Osman Ulagay

Osman Ulagay

oulagay@milliyet.com.tr

Tüm Yazıları
Haberin Devamı


Bugünlerde boy boy, çeşit çeşit kalpler dolduruyor vitrinleri. 14 şubat Sevgililer Günü nedeniyle herkes bir kalbi olduğunu hatırlamaya zorlanıyor sanki. Aslında bu tür kitlesel yönlendirmelerden çok hoşlanmasam da bu kapli kampanyadan şikayetçi değilim çünkü kalp, akla getirdiği tüm çağrışımların ötesinde form olarak, şekil olarak bana çekici gelen bir şey ve her baktığım yerde kalpler görmek garip bir biçimde hoşuma gidiyor.
Yanlızca vitrinlerde gördüğüm binlerce yapma kalple avunarak ya da onlardan devasa bir kalp oluşturmayı kurarak geçirebilseydim şu günleri güzel olurdu her halde ama duygularla yetinmemeye, her olayı farklı boyutlarıyla düşünmeye, sorgulamaya koşullanmışım bir kere.
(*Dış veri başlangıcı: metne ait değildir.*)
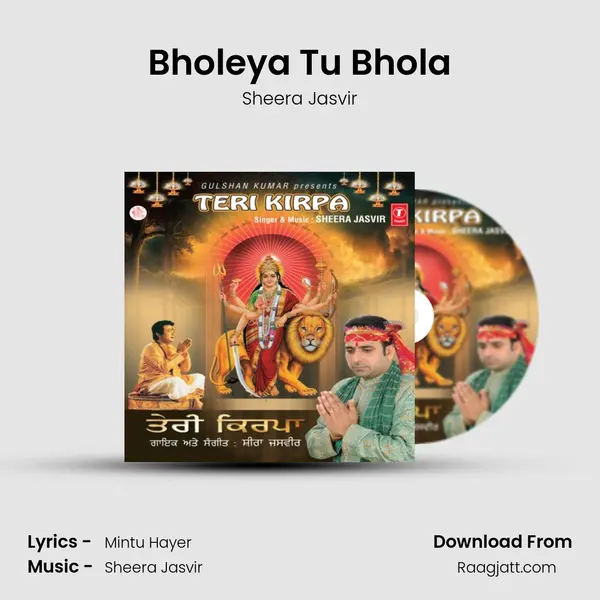 Bholeya Tu Bhola mp3 song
Sevgililer Günü öncesinde de peşimi bırakmadı bu alışkanlık ve peşpeşe sorular geldi aklıma.
Sevgililer Günü ya da Anneler Günü gibi yaklaşmakta olduğunu vitrinlerden anladığımız günlerde adeta kollektif bir davranış kalıbı içine girerek sevgilimizi, eşimizi, annemizi ya da başka bir yakınımızı hatırlamaya zorlanmamız aslında hoş bir şey mi? İçtenlikten, yaratıcılıktan, özgünlükten biraz yoksun, ısmarlama gibi gelmiyor mu bu hatırlama biçimi?
Diyelim ki size biraz böyle geliyor ama pek çok kimsenin sevgilisini, eşini, annesini, diğer yakınlarını hatırladığı bu belli günlerde siz bunu ihmal ederseniz, sevgilinizde ve yakınlarınızda bir burukluk, bir eksiklik yaratmaz mı bu davranışınız? Siz kendinizi ihmalkarlıkla, özensizlikle hatta sevgisizlikle suçlanmış hissetmez misiniz acaba?
Ya da dürüstlükle şu soruyu soruyor musunuz kendinize: Modern yaşamın hız ve kargaşası içinde yakınlarıma ne kadar yakınlık, ilgi ve sevgi gösterebiliyorum? Bu özel günlerin beni onları hatırlamaya, düşünmeye yöneltmek gibi yararlı bir işlevi de yok mu? İnsanın bir yakınına hediye seçmesi bile ciddi bir ilgiyi, özeni, emeği gerektirmiyor mu?
Konu özel olarak Sevgililer Günü olunca başka noktalara ve sorulara da sıçrıyor insan, çünkü "sevgili" sözcüğünün yakınlık ifade eden tüm diğer sözcüklerden farklı, ayrıcalıklı bir yeri var yaşamda. Anneden, babadan, eşten, kardeşten farklı olarak, bir sevgi yoğunlaşmasının yanısıra bir hafifliği, bir kırılganlığı, bir geçiciliği de ifade eden bir deyim sanki "sevgili", bu yüzden de ancak sürekli ilgiyle yaşatılabilecek bir şey galiba sevgililik. Her an hatırlanmayan bir sevgili olabilir mi? Ya da yalnızca Sevgililer Günü'nde hatırlanan biri gerçekten "sevgili" sayılabilir mi?
Pekiyi ya henüz yeşermemiş ya da keşfedilmemiş sevgililikler? Bunları keşfetmek için güzel bir fırsat yaratmıyor mu Sevgililer Günü? Elizabeth Barret'in Robert Browning'e yazdığı gibi "ansızın ışıksız bir zindandan çıkarılıp başı dönmeden, yüreği ezilmeden bir dağın doruğuna çıkartılmak"tan güzel bir şey olabilir mi? (En Güzel Aşk mektupları, Doğan Yayıncılık.)